“Pity. You’d be a rich man.”
“Give me some time,” cracked Rizzo, his voice steadier. “We just opened for business.”
Seyss relaxed a notch. That was more like the Rizzo he knew. “Lead the way. Once we gather up everything, we’ll take a look at the truck. You have it ready?”
“Yep. Gassed up and rarin’ to go. She’s a beaut. A Ford deuce and a half with Ivan’s red star painted big as life on the hood and the doors. Must’ve been shipped over during Lend-Lease. Whatever you do, promise me you’ll get it the hell out of town in a hurry. Anybody stops you, just speak a little Russkie and pretend you don’t understand what they’re saying.”
Seyss smiled inwardly. That was precisely his plan. “Come the dawn, we’ll be far from these gates. Don’t be worrying yourself, Captain.”
“That’s what I wanted to hear, Mr. Fitzpatrick. Follow me.”
Rizzo set off as if on a forced march. From the entry, he turned left, counting off the stacks of crates as he passed them. Reaching six, he made an abrupt right turn and vanished into one of the narrow corridors that ran the length of the armory. Seyss followed close behind, then Bauer and the others. Their flashlights cut a shallow path, barely illuminating the concrete floor five feet in front of them. Above their shoulders, the crates brooded like crumbling statues to a pagan deity.
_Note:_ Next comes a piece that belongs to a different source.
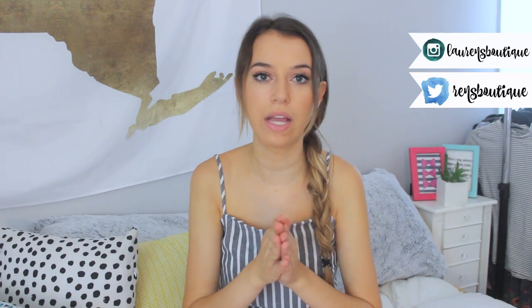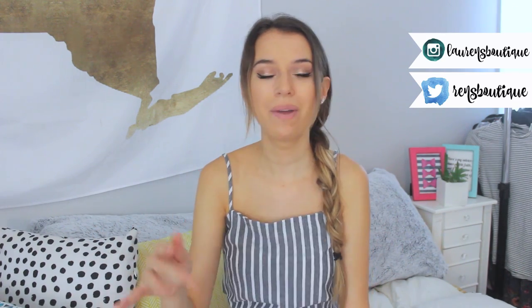If you guys are new to my channel, my name is Lauren. I make college videos and also lifestyle videos, haul videos, follow-me-around things like that. Definitely subscribe and follow me on my social media sites. Anything that I mention in my videos will be linked down below, so if you're interested in checking out any of the items I mention, I always have links to products that I personally use.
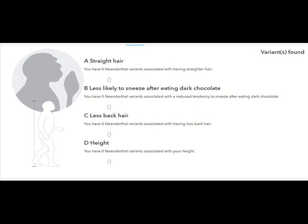That's the African DNA right there — those strong, dominant, robust African genetics. Less back hair: I have zero Neanderthal variants associated with having less back hair. Height: I have zero Neanderthal variants associated with my height. So my Neanderthal variants pretty much don't exist.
Seyss felt at home in the darkness, his incipient fear of tight spaces lost amid the trudging of rubber-soled feet and the hushed intake of breath. A frisson of excitement warmed his stomach, the same self-congratulatory sensation he experienced before a race when he sized up the competition and determined he would win. He reminded himself that this was only a preliminary heat. The main event would engender a return to Berlin, a return to the city of his greatest triumphs and his greatest defeats.
Arriving at a crossroads of sorts, Rizzo thrust his flashlight in front of him and made a sweep of the area. “There you are, Mr. Fitzpatrick. Your next exhibit.”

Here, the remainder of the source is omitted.